On bitting tough horses: I would never put a bit on a horse and send them out. I agree with you: if there is a place for that bit and bridle to get caught on, a horse will find it. For those that say they do this all the time, you are just lucky so far. Plus, as a trainer working with other people’s pets, you don’t put them in harm’s way. You just don’t. You don’t even put your own horse in harm’s way, but you really must treat a client’s horse the way you would treat your own (here’s hoping you treat horses beautifully).
Keeping a bit in a horse’s mouth, to me, does nothing to improve the horse’s ability to accept the bit every time. The point of repeating the bitting process is the training, not the length of time in a mouth. In some cases I can see a horse resenting this even more. I want my horses to like the bit. I ask that they drop their heads and open their mouths and place the bit in their mouths, not me having to do this for them. Several things need to be in place for this:
1. The bit must be clean and warm. Sometimes a rubber bit is best as it won’t clunk against their teeth.
2. It must follow with a treat.
3. The headstall must be easy to put on and adjust: nothing complicated or fancy. I take off the browband and the throatlatch unless the horse is very comfortable with headstalls, but a horse like this usually doesn’t have bitting issues.
4. The horse’s teeth must be checked by a vet first. Funny how some ‘trainers’ seem to bypass this important issue.

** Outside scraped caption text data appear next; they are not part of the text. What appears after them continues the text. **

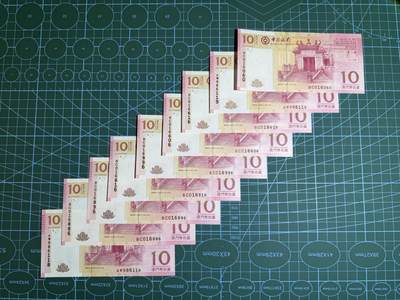 【炜奕收藏】，第五十二期 - 澳门中银10元共9张，UNC品相，号码均为倒置号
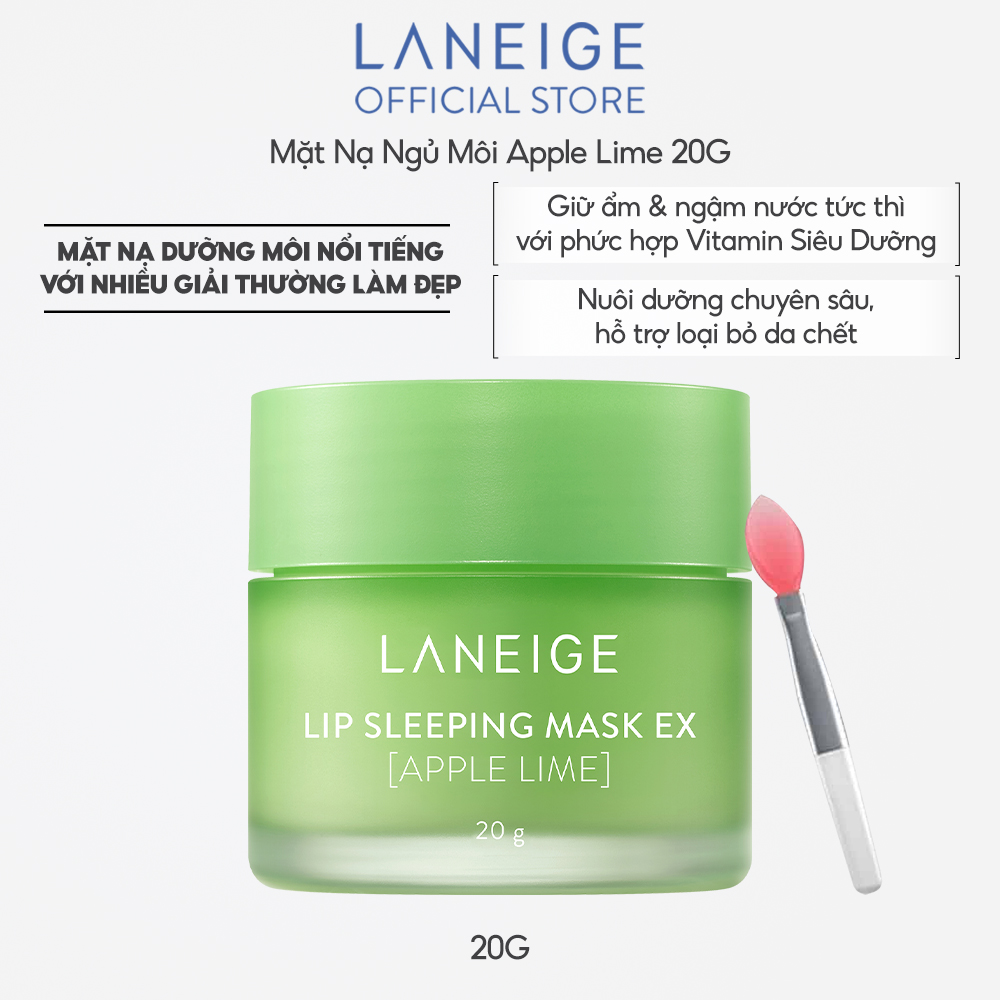 Mặt nạ ngủ cho môi hương táo Laneige Lip Sleeping Mask Apple Lime 20g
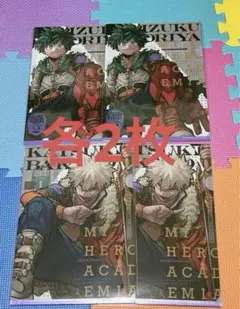 最強ジャンプ 最強ガシャステーション ヒロアカ クリアファイル 爆豪　緑谷　各2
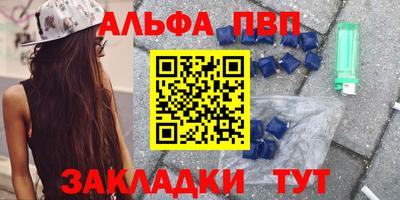 стафф Пенза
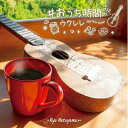 【中古】 #おうち時間のウクレレ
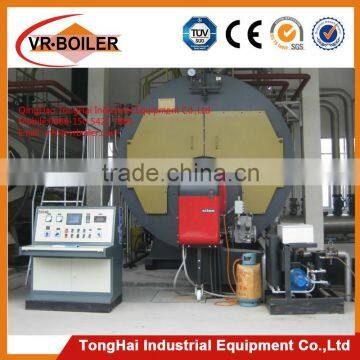 Diesel oil heavy oil boiler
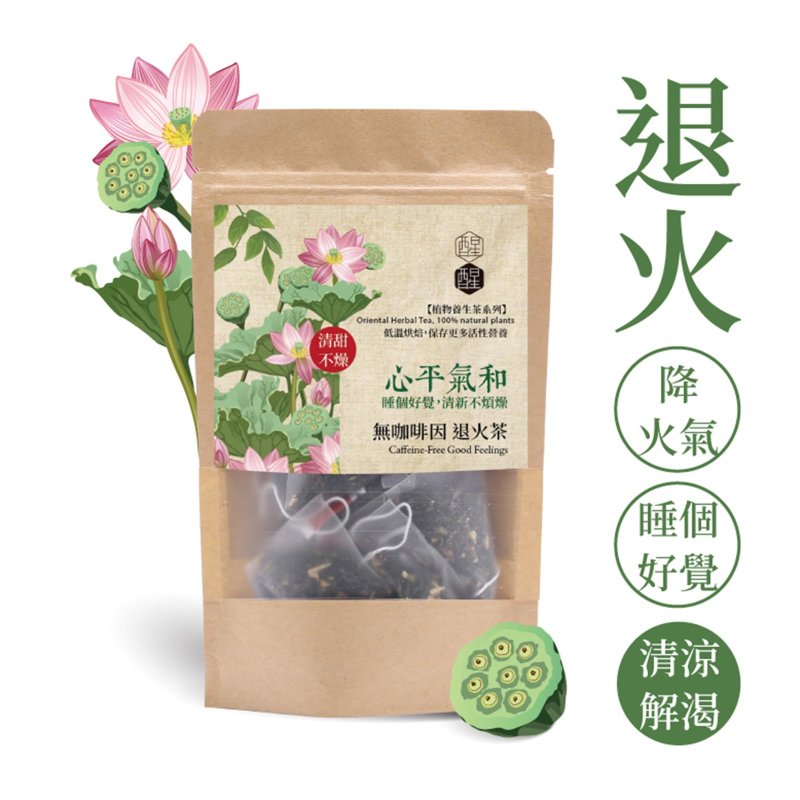 心平氣和【無咖啡因退火茶】結合苦茶與仙草茶退火跟降火氣的天然 - 養生/保健食品/飲品 - 植物．花 綠色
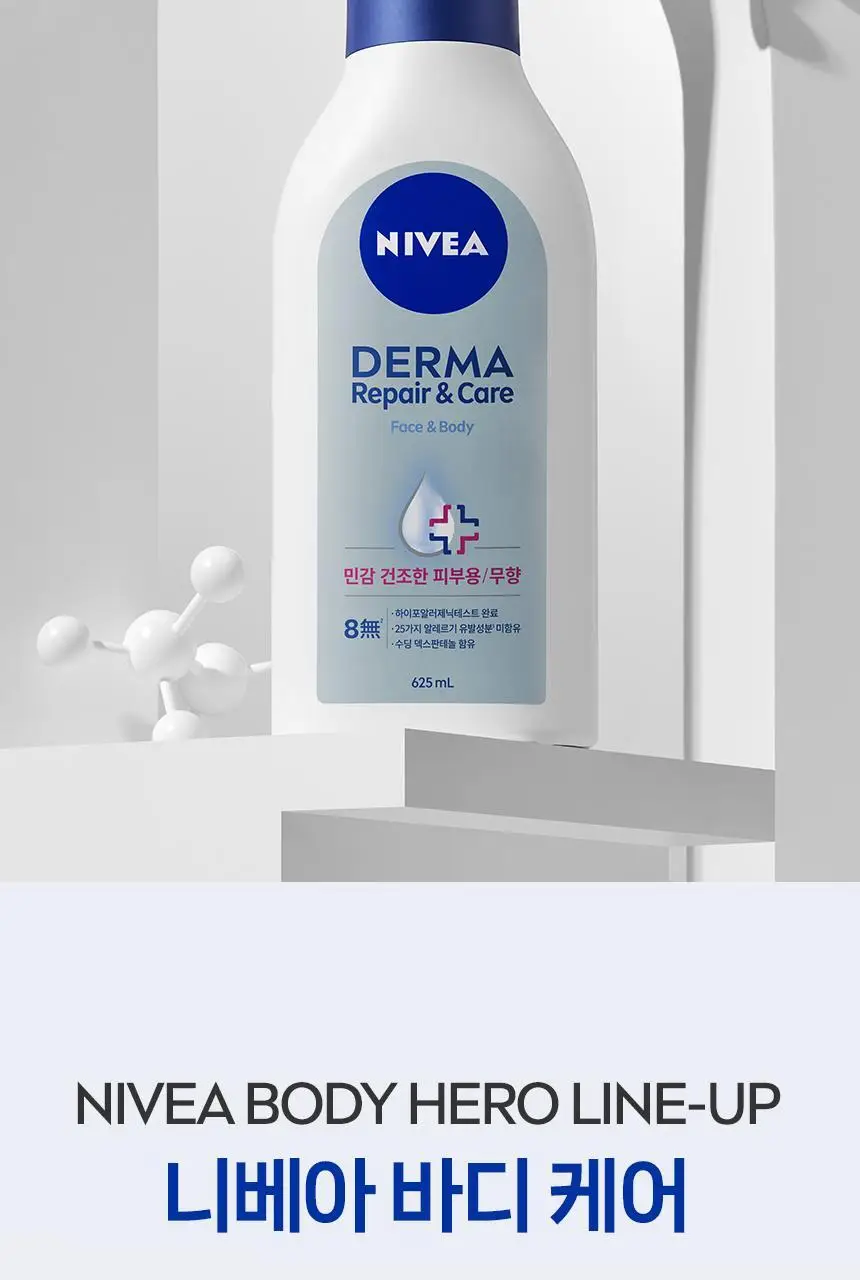 [증정기획] 니베아 리페어 앤 케어 바디로션 625ml 기획 (인텐시브 바디로션 125ml 증정) 상세페이지 18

Explaining “how” I go about teaching a horse that’s bit sour is not easy to describe in an article, but I will try. You really need to see it as there are subtle moves that are more about timing than anything else. And listening: you need to listen to the horse and have the patience to wait for the right answer.

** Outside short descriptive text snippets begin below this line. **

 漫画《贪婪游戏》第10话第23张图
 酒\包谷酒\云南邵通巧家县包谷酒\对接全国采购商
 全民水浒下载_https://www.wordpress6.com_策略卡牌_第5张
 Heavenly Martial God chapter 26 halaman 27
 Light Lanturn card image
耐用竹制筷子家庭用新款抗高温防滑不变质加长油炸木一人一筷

This is where you really begin to understand how you set up patterns of “training” in a horse. These patterns can be good or bad, depending on your timing. The horse has NO idea what is good and bad: this is a human interpretation.

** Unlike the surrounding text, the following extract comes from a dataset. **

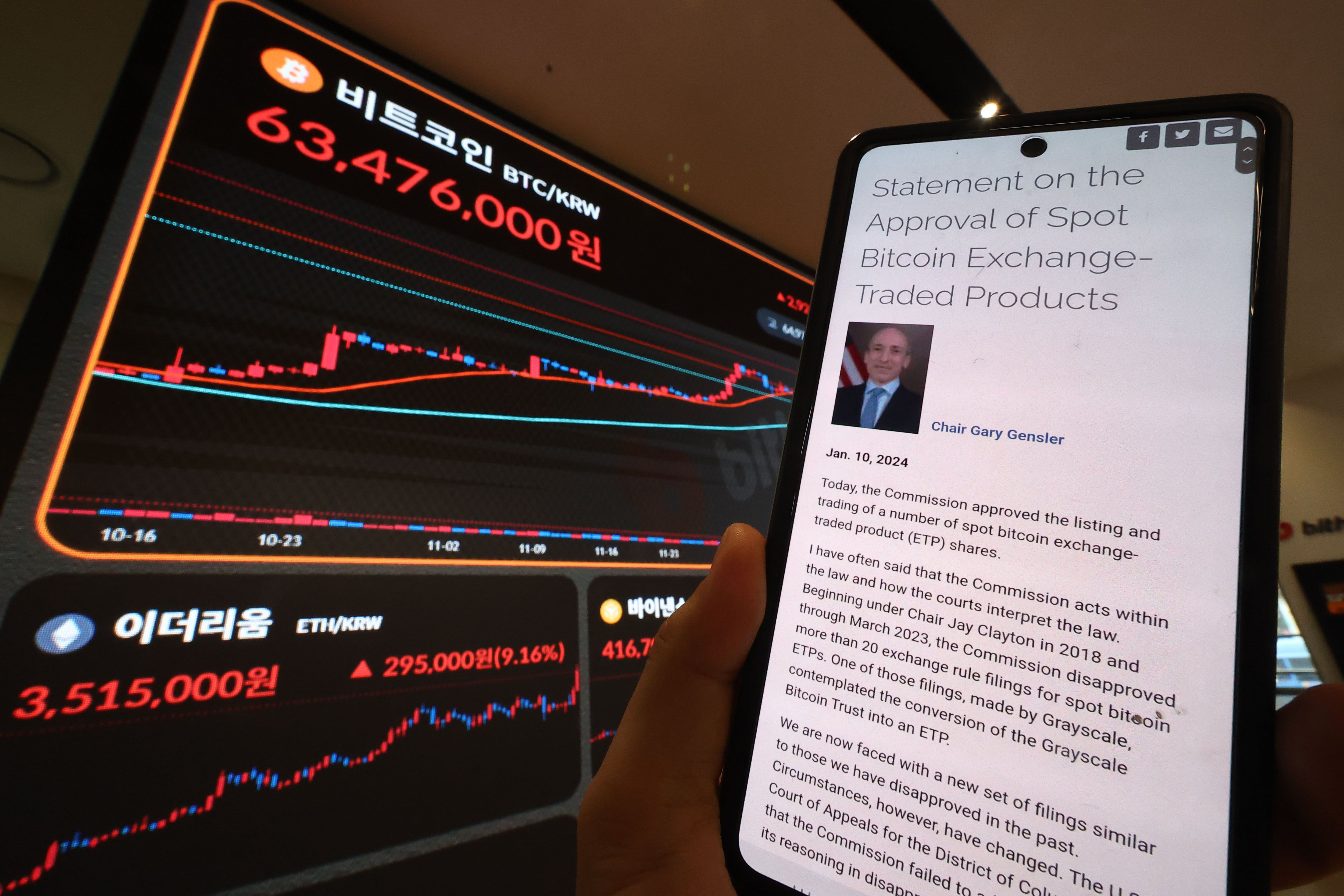 비트코인, 제도권 입성… 주식처럼 손쉽게 거래한다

The first thing I do is get a pocket full of small carrot bits and use a halter only and have a handler at the lead. I will softly place my right hand under the face and gently over onto the bridge of the nose, but not applying pressure. The horse must be free from restriction. You must never let this hand slip, ever (not an easy task). With my left hand, I will place it in the horse’s mouth, getting the horse use to having someone play with their gums and tongue. I try to get as far up into the mouth as possible. With a difficult horse, this could take up to 2 hours. Here is where timing IS EVERYTHING. When the horse pulls away, you must follow them and keep your left hand in or close to their mouth. If the horse pulls away and you lose the horse with your hands every time, you are setting the horse up to be trained to move away when hands come close (see how important this is?)! This is also why you need to go slow and soft: if you get demanding, chances are you will lose contact with the horse too many times, and you will set up an even tougher pattern of behavior you don’t want. Ego and anger play no part in good training. Every time the horse submits and surrenders, take your hands away, but not until the horse is quiet and accepting.
(Side note: not all horses like carrots. I supplement feed every horse, and they have a serious addiction to Step 2 Extruded ‘crunchies’, which I use instead of carrots. But for writing sake, carrots will be our ‘little helper’ in this article).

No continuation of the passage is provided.